The sad truth is that the recent announcement of Mayor Bloomberg and Chancellor Klein that they were making plans to lay-off close to 15,000 public school educators in September 2009 is quite consistent with the way our schools have been governed these last seven years.

The Bloomberg-Klein vision of education is a technocratic one which sees the world of schools through the prism of numbers — the data which they have made into an educational false idol. This way of looking at teaching and learning makes it possible for the masters of Tweed to “manage” schools from their desktop computers, an indispensable arrangement when one understands that the number of top administrators in the Department of Education who have actual classroom and school experience can be counted on a single hand. Indeed, in its perverse way, the current administration has made the absence of educational experience into a managerial virtue. The less you understand about the actual workings of the classroom and the school, their theory of action goes, the more likely you will take on the infamous educational “status quo,” those “entrenched special interests” of teachers.

So when New York State and New York City proposed slashing a total of $1.5 billion from the 2009-10 budget of our public schools, the technocratic solution is to go straight to an announcement of 15,000 layoffs. A few strokes of the keyboard on budget documents, and the problem is addressed. None of the $900 million plus of savings suggested by the UFT well before this announcement, from a hiring freeze to a moratorium on school-wide bonuses to a retirement incentive, were even considered. Instead, a choice was made to use students and teachers as expendable pawns in the mayor’s political chess game.

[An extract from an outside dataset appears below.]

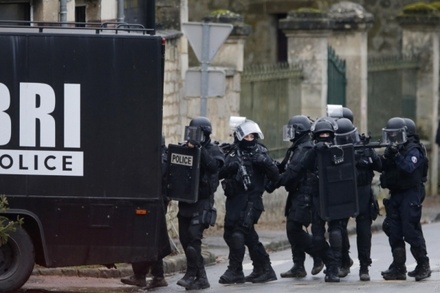 Подозреваемыми в подготовке терактов во Франции руководило «Исламское государство»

Teachers see schools in an entirely different way: education is about relationships, not numbers. The most important relationship, the heart of the educational undertaking, is that of the teacher and the student. Ever since Socrates and Confucius, educators have understood this central truth about we do. It is only through powerful teacher-student relationships that the minds of young people are opened, and they learn how to think critically about the world around them and how to solve problems. Great schools never fit a single mold, but what they all have in common are school cultures that build and sustain such relationships.

When educators hear of 15,000 layoffs, we think immediately about the teacher-student relationships that will be uprooted and destroyed, not only for those young teachers who end up out of a job that has often been their life’s dream, but also for the thousands of others who will be bumped from school to school. We contemplate the damage that will be done to teacher-student relationship when class sizes increase at a geometric pace, as high schools teachers begin to see well over 200 students a day. In short, we understand that the numbers translate into educational carnage: the abandonment of a generation of New York City public school students, and the obliteration of a generation of new teachers.

After seven years, the public school educators of New York City understand full well the character of those who lead the Department of Education and have announced these layoffs. We have no right to be surprised when those who have elevated numbers above people, have supported the collection of data over the nurturance of powerful teaching and learning relationships, make the same choice once again. It is who they are.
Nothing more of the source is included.